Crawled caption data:
---*---

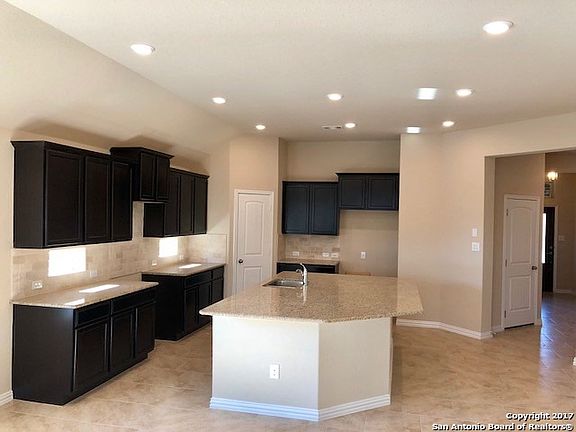 2nd image of 14450 Palomino Pl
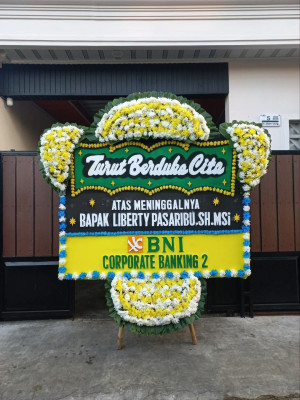 Papan Bunga Duka di Mangoli Utara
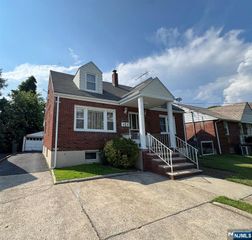 28 Norwood Avenue, Clifton, NJ 07011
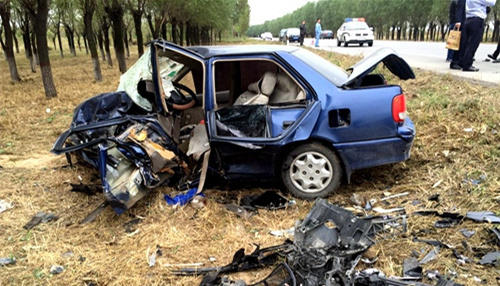 山東:奔馳撞夏利 傷的都不輕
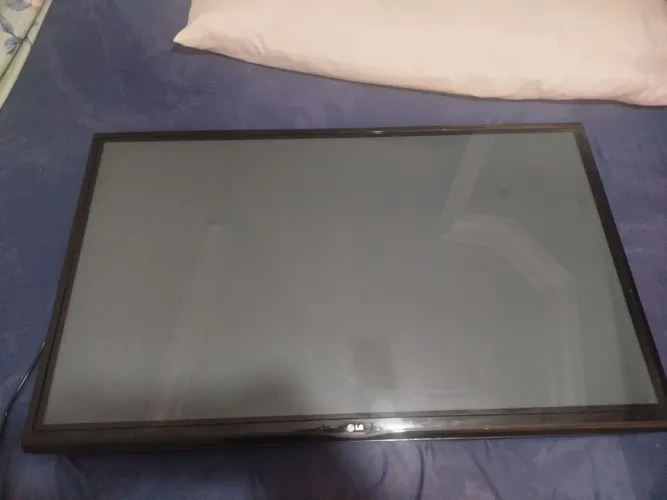 TV LG 50 polegadas - Plasma - em ótimo estado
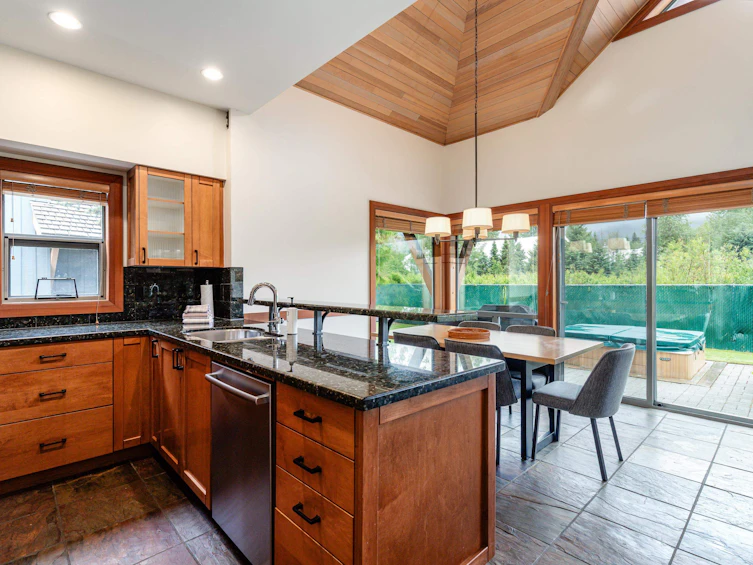 4728 A Settebello Drive, Whistler, BC, V8E 0Z4 - 7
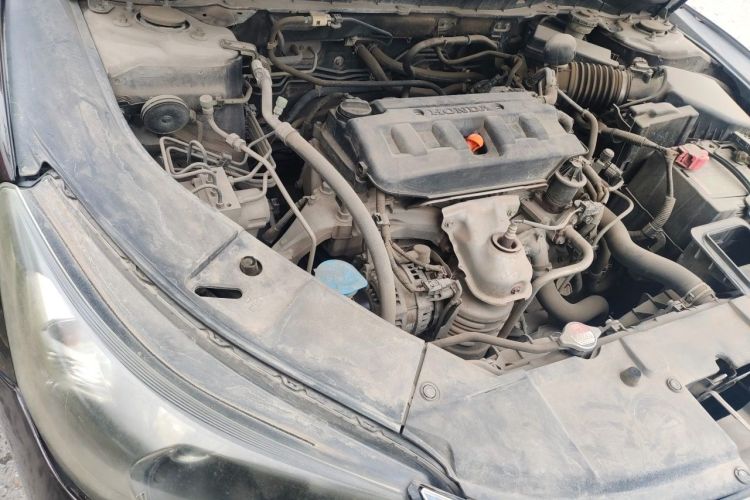 Used Honda Accord 2014 2.0L LX Comfort Edition Engine Bay Right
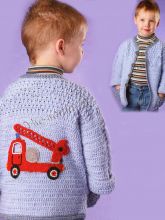 Голубой жакет с пожарной машиной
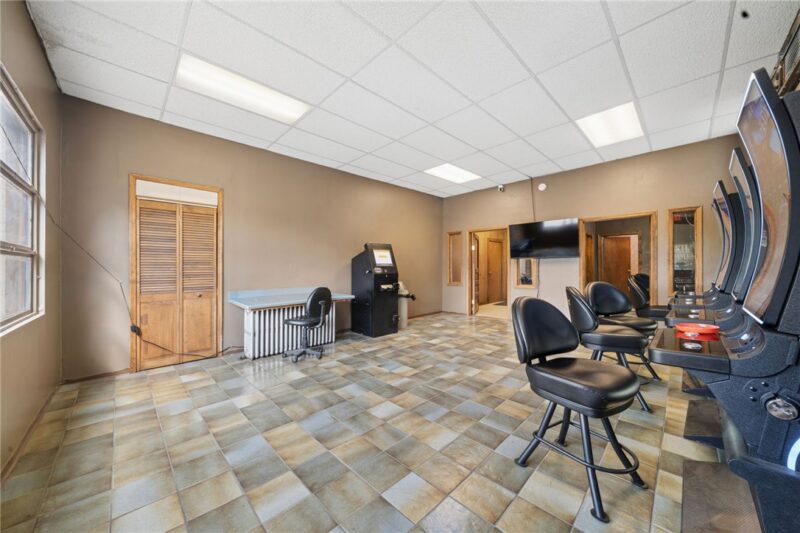 620 Broadway Blvd — photo 5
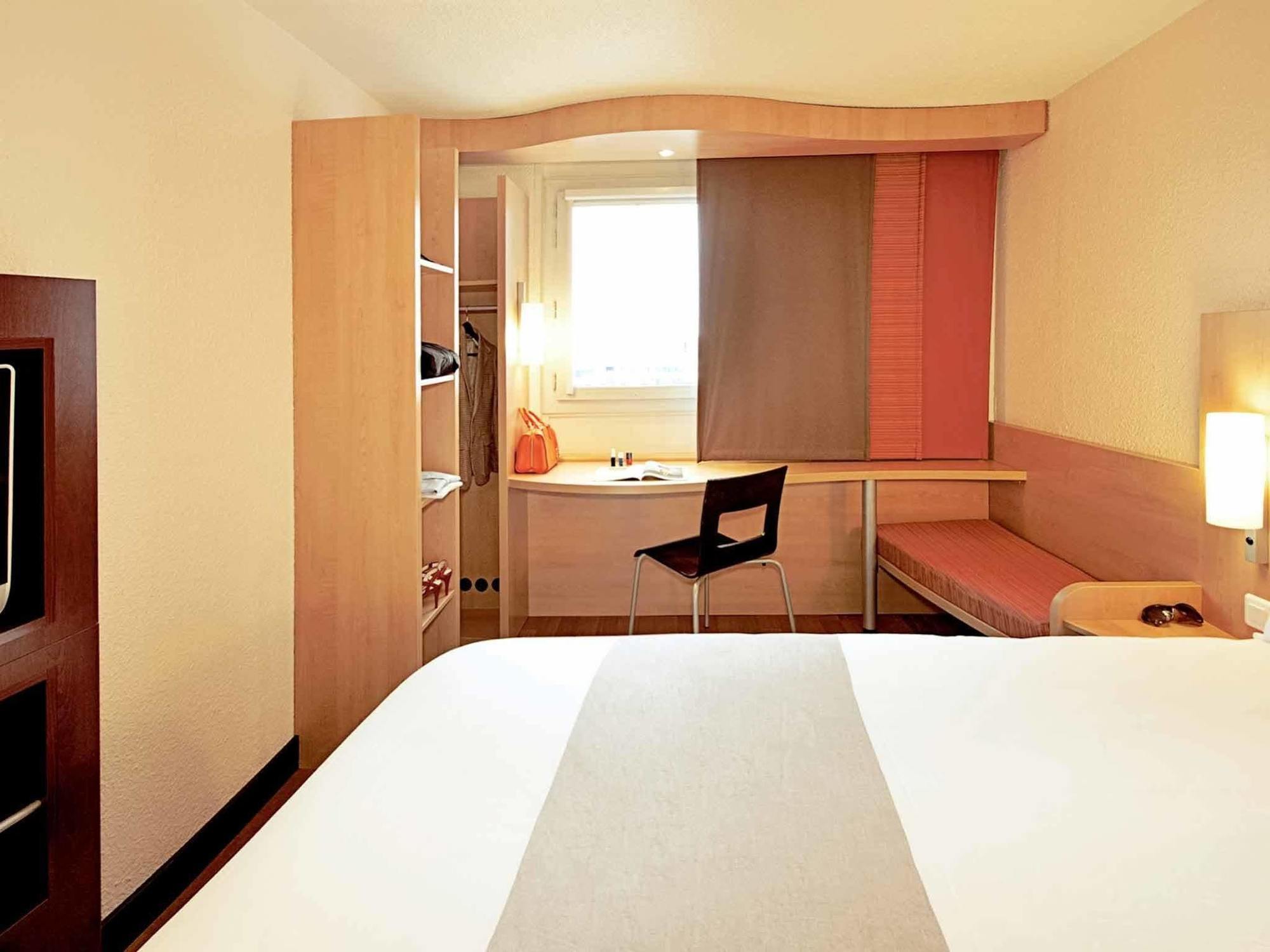 Ibis Chalons En Champagne Hotel Exterior photo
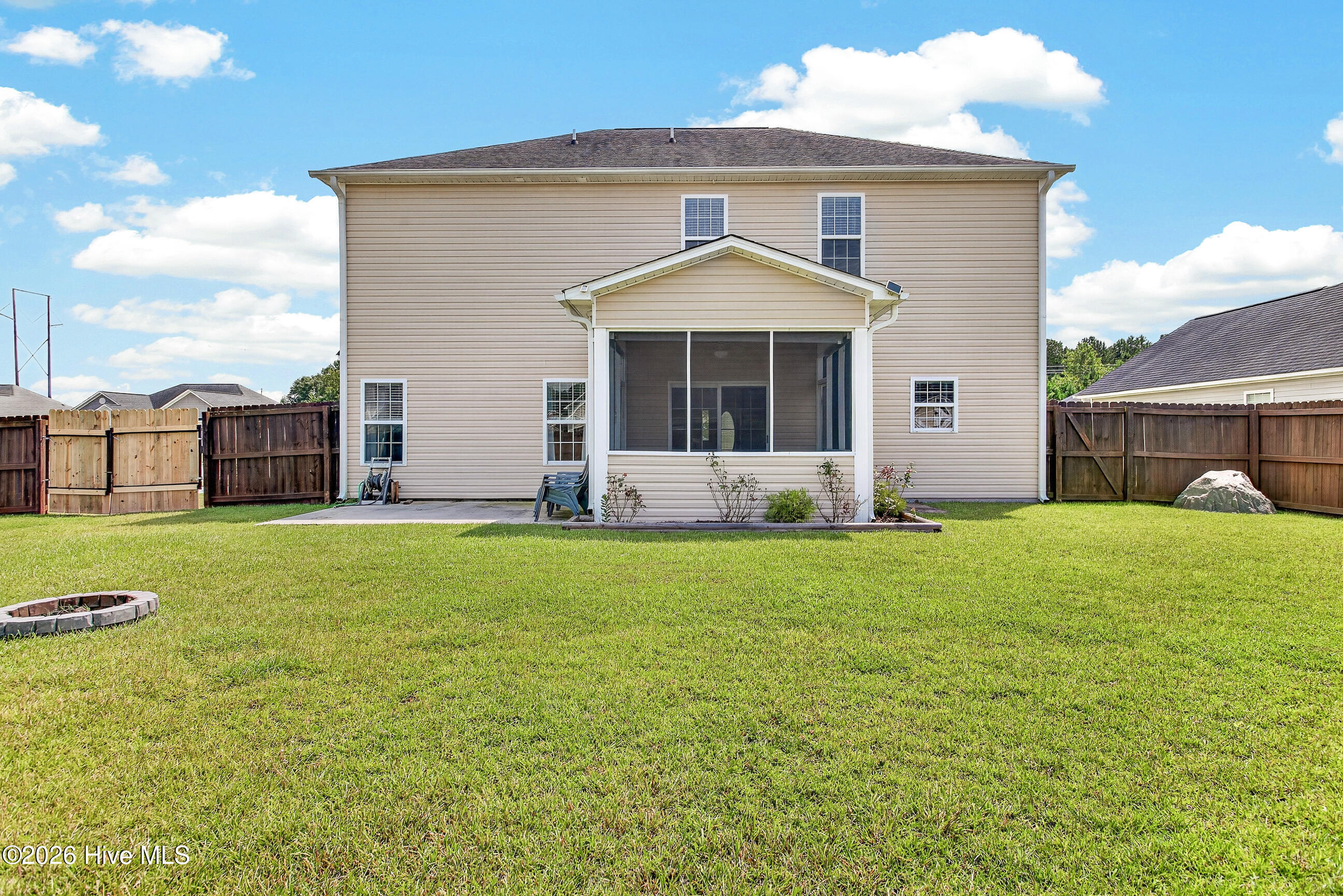 138 Cavalier Drive Property Photo 37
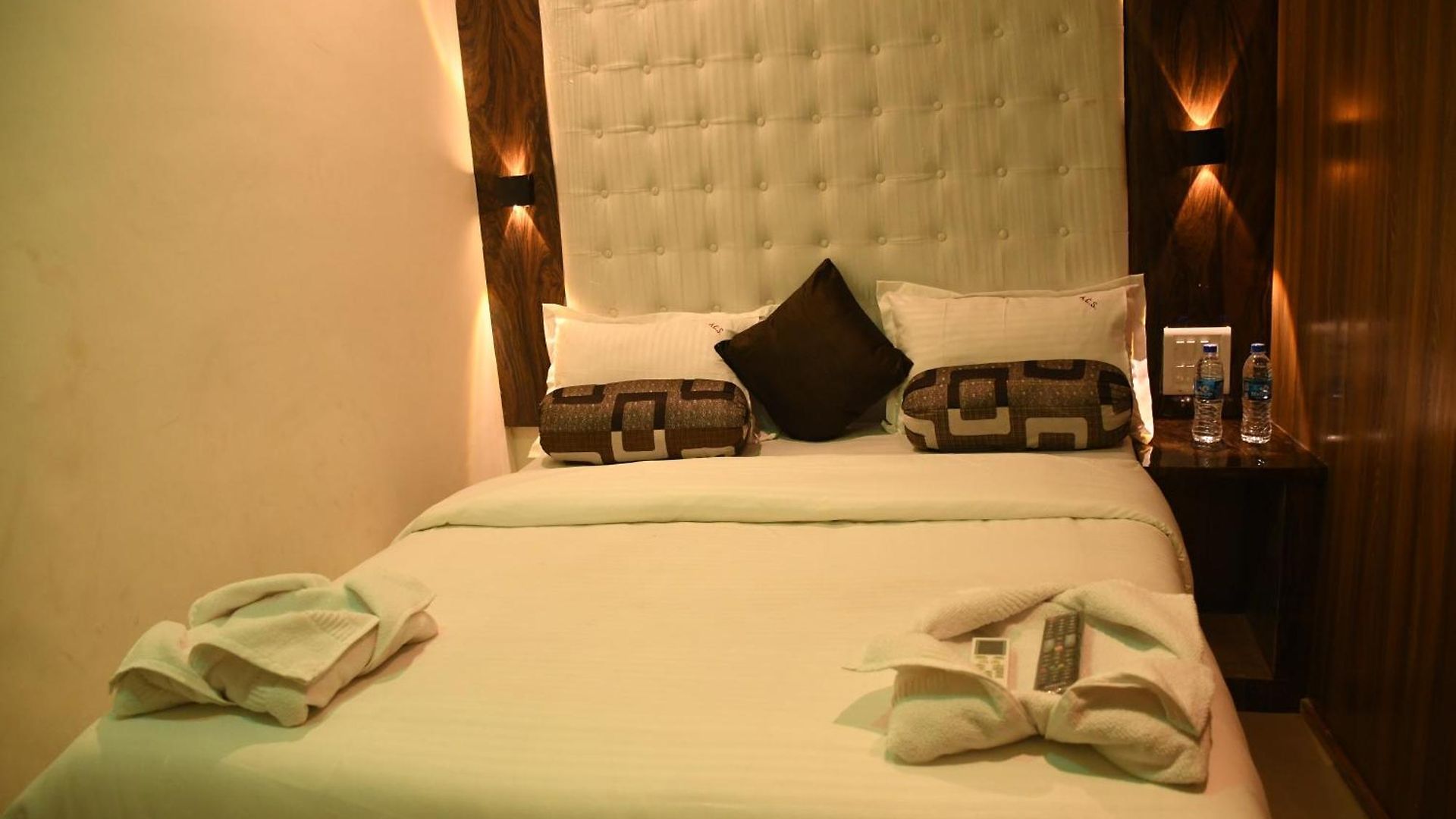 Hostel Airport Near T2 *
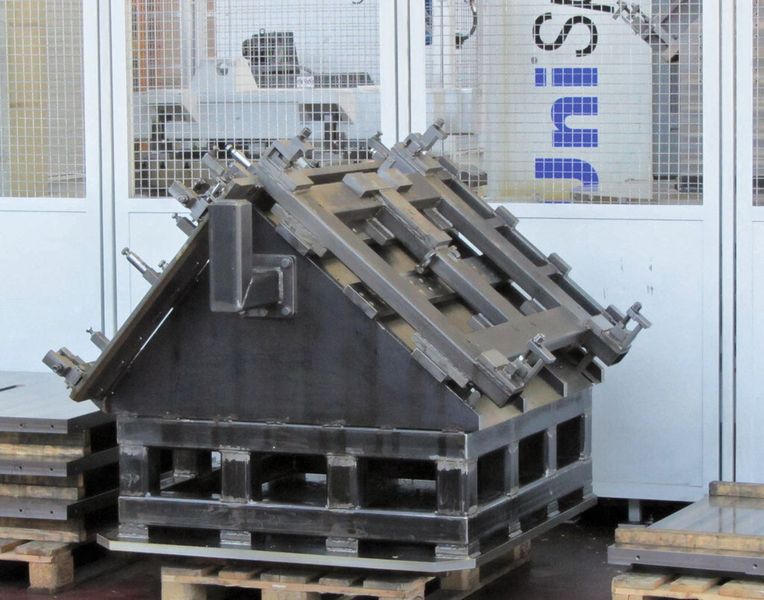 Bild 3: Die teilweise hydraulisch unterstützte, automatische Spannvorrichtung eignet sich für vorhandene Grundaufnahmen. (SHW)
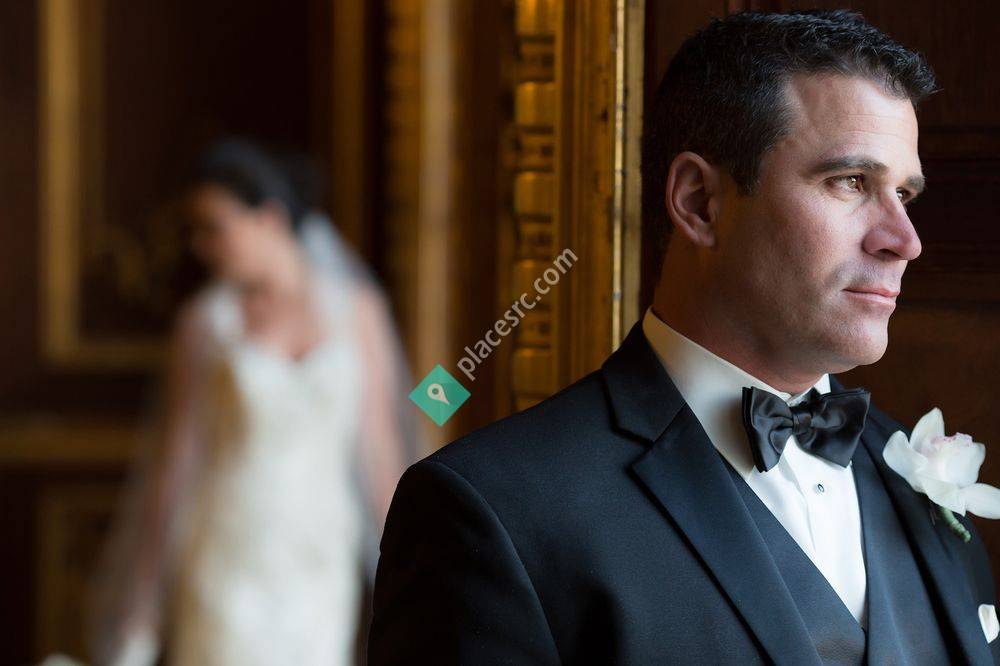 Nelly Saraiva - Wedding & Boudoir Photographer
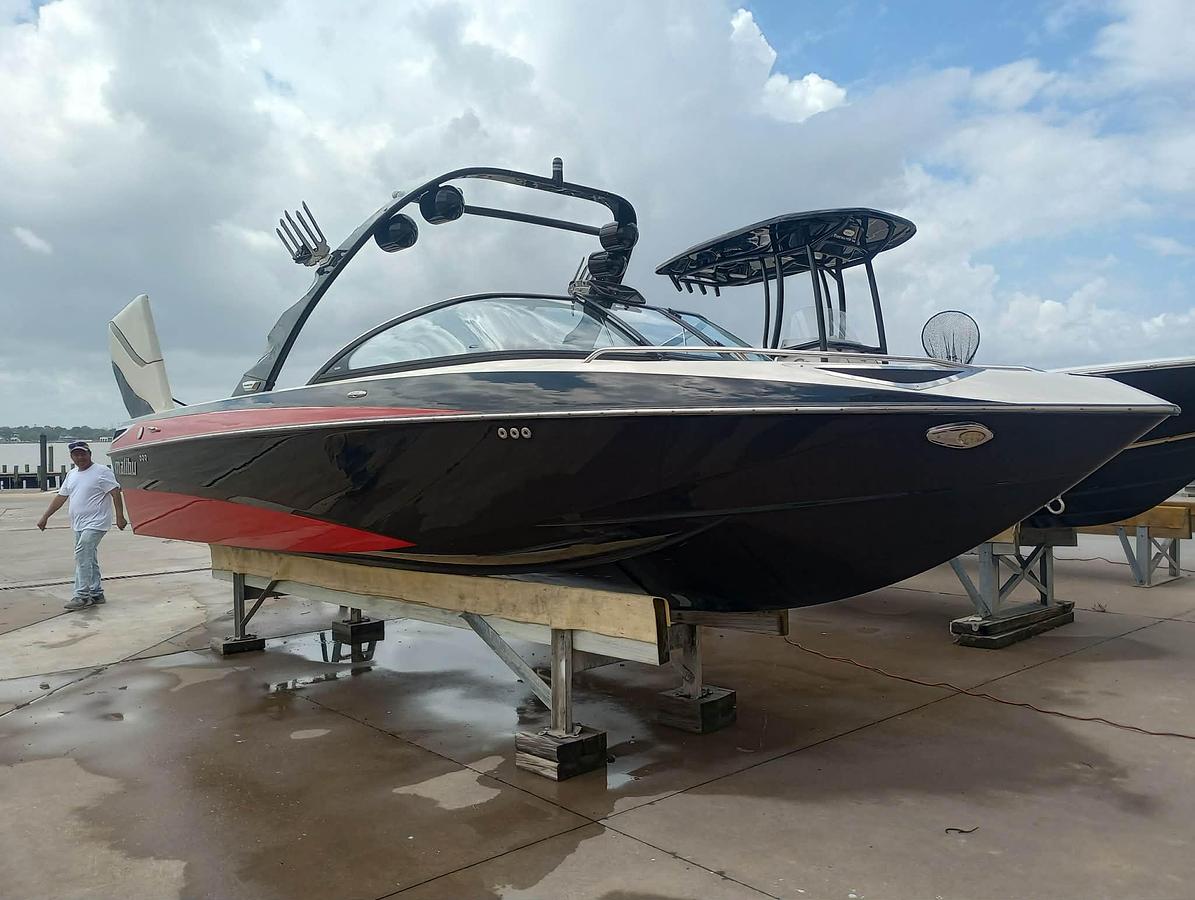 Used 2008 MALIBU Wakesetter 247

---*---

TASK DESCRIPTION: Would you retype every line shown above exactly, leaving the pictures aside?

WRITTEN RESPONSE:
 2nd image of 14450 Palomino Pl
 Papan Bunga Duka di Mangoli Utara
 28 Norwood Avenue, Clifton, NJ 07011
 山東:奔馳撞夏利 傷的都不輕
 TV LG 50 polegadas - Plasma - em ótimo estado
 4728 A Settebello Drive, Whistler, BC, V8E 0Z4 - 7
 Used Honda Accord 2014 2.0L LX Comfort Edition Engine Bay Right
 Голубой жакет с пожарной машиной
 620 Broadway Blvd — photo 5
 Ibis Chalons En Champagne Hotel Exterior photo
 138 Cavalier Drive Property Photo 37
 Hostel Airport Near T2 *
 Bild 3: Die teilweise hydraulisch unterstützte, automatische Spannvorrichtung eignet sich für vorhandene Grundaufnahmen. (SHW)
 Nelly Saraiva - Wedding & Boudoir Photographer
 Used 2008 MALIBU Wakesetter 247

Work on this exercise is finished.